I hate to break it to you, but those minor variations in taste are nowhere comparable to the variations in types and differences in alcohol, which was the comparison being made when I made that remark. Way to take it completely out of context, however, and in any case, the mere existence of variation does not somehow imply Mexican varieties are inferior. I'm quite familiar with the product on question, and your attempt to claim I'm unfamiliar when you have no way of knowing my level of familiarity is simply more of your tactics of simply trying to score points by trying to claim anything you read and don't like must be because of ignorance.

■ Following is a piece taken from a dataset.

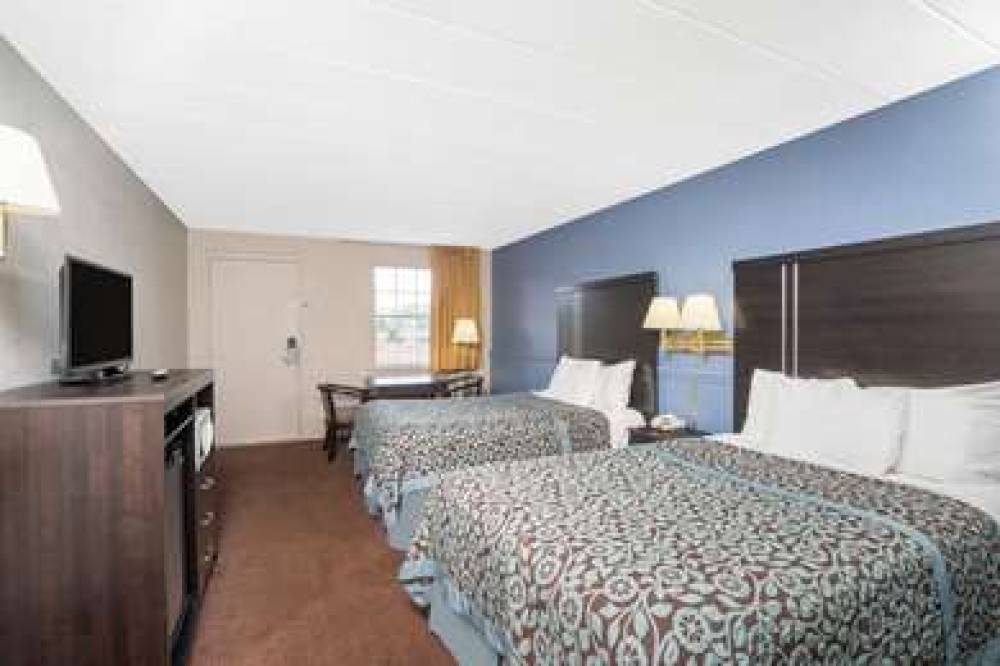 Days Inn By Wyndham Lincolnton 10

Here's a clue: Smoking marijuana does not mean you actually know anything about the marijuana trade, and so far I'm seeing nothing but a couple people who want to get high and therefore are knee-jerk arguing against a 5 to 10 year ban on imports with domestic legalization because of the typical marijuana-lover assumption that smoking it means you actually know something about it, and are just in a huff at the idea that the governemnt might regulate your beloved plant in any way, shape, or form. That's augmented of course with a fairly typical level of "free market curez ALL RAARRR!!" nonsense, and arbitrary dismissal of anything you don't like.

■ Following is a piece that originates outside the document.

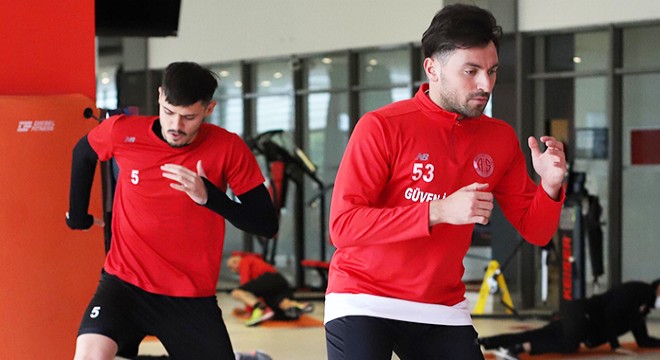 Antalyaspor'da gözler lige çevrildi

You haven't actually addressed why a ban for the short term would be a problem at all. Everyone here agrees with domestic legalization. No one is talking perma-ban on imports. The disagreement is solely over a temp ban; you guys seem to think the cartels would be seriously weakened in the marijuana trade even without it; I'm saying that it's necessary to ensure that same serious weakening, so at worst a ban would be moot, at best it would weaken them even faster. No one's given any logical reason to oppose a short-term ban, and it's pretty clear it's just personal offense at the idea of regulation of any kind.
If you're going to assert that the ban would somehow allow the cartels to remain strong because it's their "business model", in the face of growing competition from legitimized American production, then I can only say that you are a total stranger to reason.